Indicateurs de fraude d’identité et de fraude liée aux prestations d’urgence dans le contexte de la COVID-19
- Augmentation soudaine des opérations importantes dans des comptes de clients dont le solde est faible ou dont les activités financières antérieures sont limitées, ou les deux, ou qui impliquent un paiement à un bénéficiaire auquel les clients n’ont jamais fait de paiement ou avec lequel ils n’ont jamais entretenu de relations d’affaires. Cette augmentation des opérations peut indiquer de la fraude ayant fait des victimes ou du recyclage de produits de la fraude.
- Ouverture récente de comptes de bénéficiaires de la PCU où ne figurent pas d’opérations commerciales associées aux dépenses quotidiennes.
- Ouverture de comptes bancaires durant la pandémie à une adresse qui n’est pas le lieu de résidence du client.
- Retrait par le client de tous les paiements de la PCU déposés dans son compte ou transfert de ces prestations dans un autre compte immédiatement après leur réception ou après une période d’inactivité.

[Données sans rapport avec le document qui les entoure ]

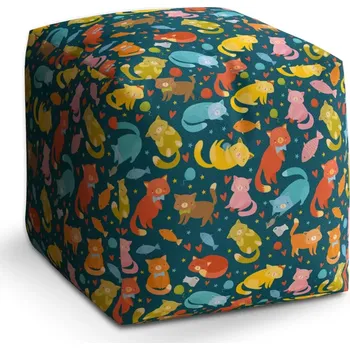 Taburet Taburet Kostka Kočky s rybkami: 40x40x40 cm - Sablio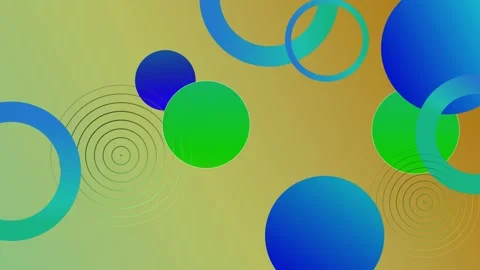 Abstract circles and rings on a gradient background with geometric shapes a.. Stock Footage 339292600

Comme la pandémie se poursuit, le Centre antifraude du Canada estime que la conjoncture financière difficile qui frappe les entreprises et les citoyens canadiens produira probablement d’autres victimes. Il faut s’attendre à ce que les fraudes liées aux prêts, à la consolidation des dettes et aux investissements augmentent. De plus, les fraudes visant les cyberdépendants telles que le harponnage, les rançongiciels et autres campagnes d’hameçonnage, qui tirent profit de l’accroissement des activités en ligne des Canadiens (p. ex. le télétravail), seront également, selon toute vraisemblance, à la hausse.
Présenter une déclaration à CANAFE
Pour obtenir des directives sur la transmission à CANAFE de déclarations d’opérations douteuses, consultez la page Déclaration d'opérations douteuses à CANAFE.
Signaler une fraude au Centre antifraude du Canada
www.centreantifraude-antifraudcentre.ca
Joindre CANAFE
- Par courriel : guidelines-lignesdirectrices@fintrac-canafe.gc.ca (indiquez bulletin spécial 20/21-RSRA-006) dans la ligne d’objet)
- Par téléphone : 1-866-346-8722 (sans frais)
- Par télécopieur : 613-943-7931
- Par la poste : CANAFE, 234, avenue Laurier Ouest, 24e étage, Ottawa (Ontario) K1P 1H7, Canada
Les bulletins spéciaux de CANAFE fournissent des informations sur les méthodes de blanchiment d’argent et de financement des activités terroristes nouvelles, émergentes ou particulièrement d’actualité. Ces bulletins ne constituent pas toutefois des avis juridiques. Veuillez consulter la Loi sur le recyclage des produits de la criminalité et le financement des activités terroristes et ses règlements pour obtenir une description complète des obligations que doivent remplir les entités déclarantes.